(Beginning of Data for review)

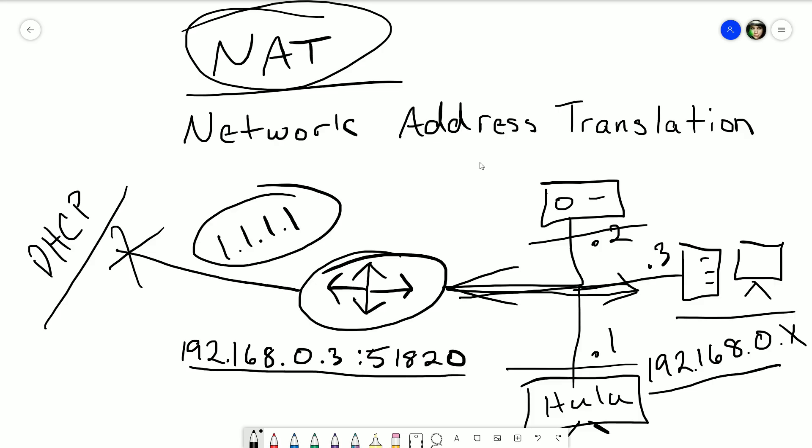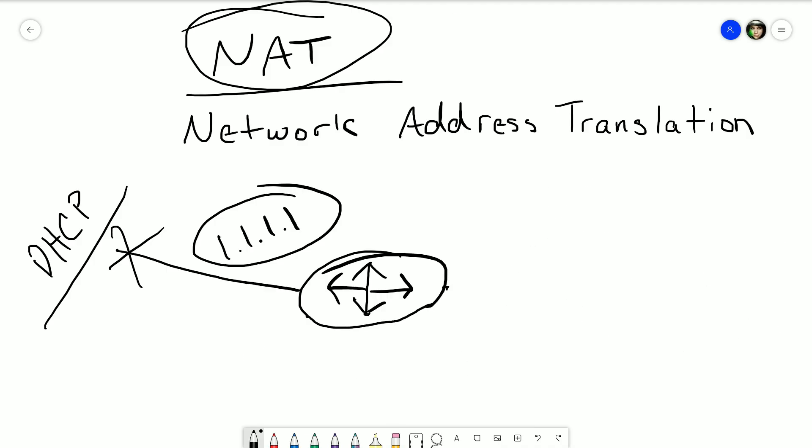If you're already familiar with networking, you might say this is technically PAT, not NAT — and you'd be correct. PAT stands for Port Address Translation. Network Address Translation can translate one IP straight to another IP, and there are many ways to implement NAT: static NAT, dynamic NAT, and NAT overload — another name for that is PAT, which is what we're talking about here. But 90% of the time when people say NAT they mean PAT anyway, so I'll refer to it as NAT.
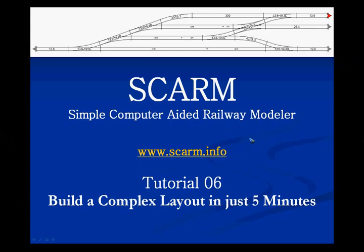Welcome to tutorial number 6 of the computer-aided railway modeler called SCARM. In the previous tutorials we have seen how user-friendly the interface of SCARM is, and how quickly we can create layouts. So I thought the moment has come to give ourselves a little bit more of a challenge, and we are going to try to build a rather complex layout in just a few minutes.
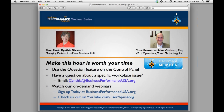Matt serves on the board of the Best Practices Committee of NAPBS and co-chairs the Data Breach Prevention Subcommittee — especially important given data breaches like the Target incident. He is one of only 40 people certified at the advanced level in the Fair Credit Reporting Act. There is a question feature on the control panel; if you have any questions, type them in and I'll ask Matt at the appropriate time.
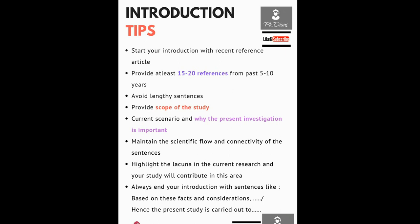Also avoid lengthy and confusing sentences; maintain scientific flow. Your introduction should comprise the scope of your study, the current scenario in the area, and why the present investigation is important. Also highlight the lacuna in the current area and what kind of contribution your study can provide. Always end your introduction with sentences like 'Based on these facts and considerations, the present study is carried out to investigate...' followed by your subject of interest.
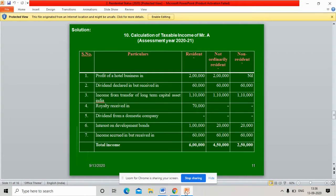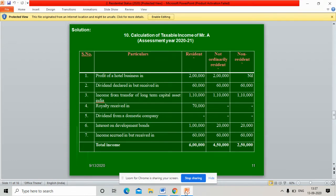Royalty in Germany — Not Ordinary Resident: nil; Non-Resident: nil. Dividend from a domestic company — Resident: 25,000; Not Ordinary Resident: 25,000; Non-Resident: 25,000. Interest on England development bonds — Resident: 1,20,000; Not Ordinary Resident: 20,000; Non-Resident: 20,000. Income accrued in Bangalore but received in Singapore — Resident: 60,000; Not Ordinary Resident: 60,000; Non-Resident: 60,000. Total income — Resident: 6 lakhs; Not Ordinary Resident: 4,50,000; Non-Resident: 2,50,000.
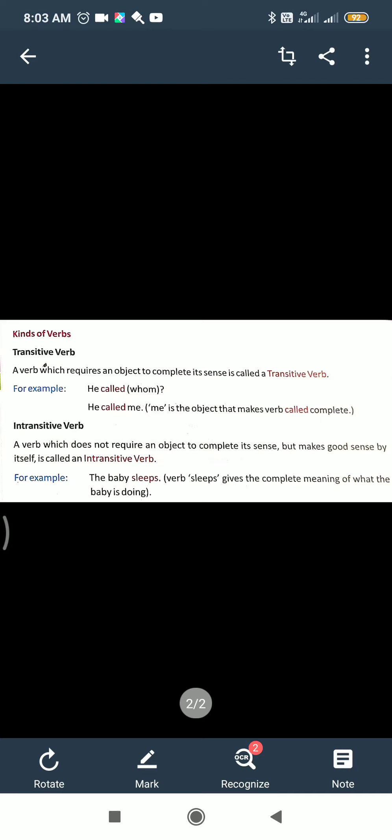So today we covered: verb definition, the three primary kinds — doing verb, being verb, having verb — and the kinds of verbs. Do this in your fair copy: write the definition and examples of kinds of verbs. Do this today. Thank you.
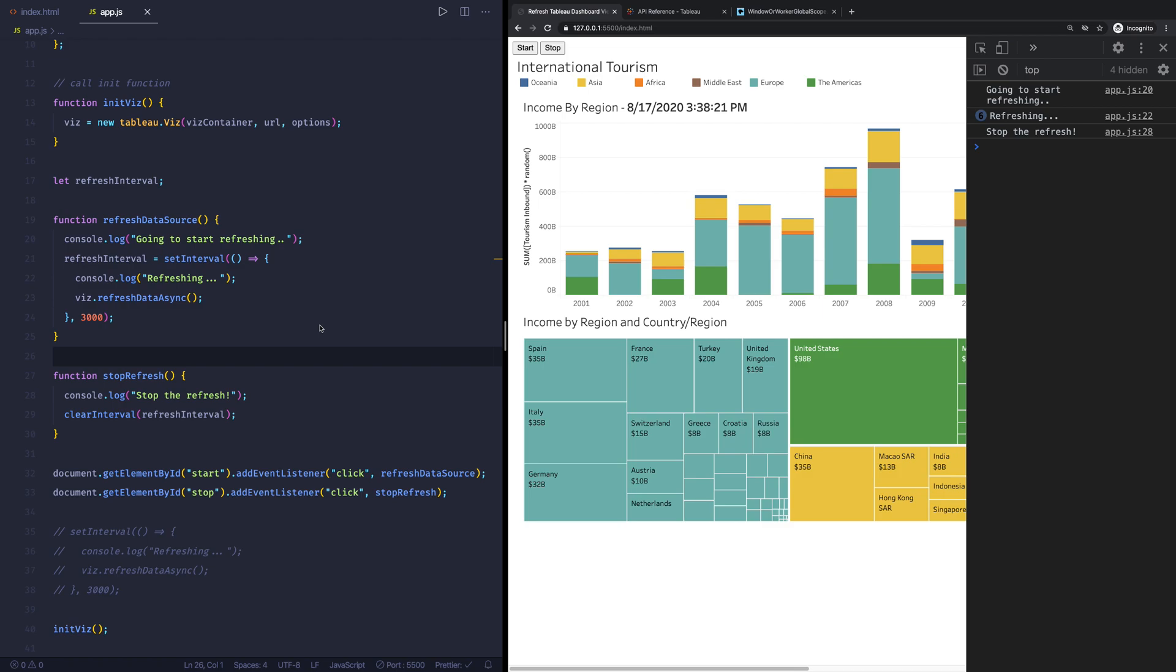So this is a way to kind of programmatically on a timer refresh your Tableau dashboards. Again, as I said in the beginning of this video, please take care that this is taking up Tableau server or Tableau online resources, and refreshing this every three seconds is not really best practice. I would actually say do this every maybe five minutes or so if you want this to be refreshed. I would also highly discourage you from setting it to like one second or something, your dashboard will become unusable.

(End of Data for review)

● **What the exercise asks**: Everything from the line with "Also avoid lengthy" through the line with "So today we" in the material above should be transcribed exactly, except the pictures.

● **Task result**:
Also avoid lengthy and confusing sentences; maintain scientific flow. Your introduction should comprise the scope of your study, the current scenario in the area, and why the present investigation is important. Also highlight the lacuna in the current area and what kind of contribution your study can provide. Always end your introduction with sentences like 'Based on these facts and considerations, the present study is carried out to investigate...' followed by your subject of interest.
Royalty in Germany — Not Ordinary Resident: nil; Non-Resident: nil. Dividend from a domestic company — Resident: 25,000; Not Ordinary Resident: 25,000; Non-Resident: 25,000. Interest on England development bonds — Resident: 1,20,000; Not Ordinary Resident: 20,000; Non-Resident: 20,000. Income accrued in Bangalore but received in Singapore — Resident: 60,000; Not Ordinary Resident: 60,000; Non-Resident: 60,000. Total income — Resident: 6 lakhs; Not Ordinary Resident: 4,50,000; Non-Resident: 2,50,000.
So today we covered: verb definition, the three primary kinds — doing verb, being verb, having verb — and the kinds of verbs. Do this in your fair copy: write the definition and examples of kinds of verbs. Do this today. Thank you.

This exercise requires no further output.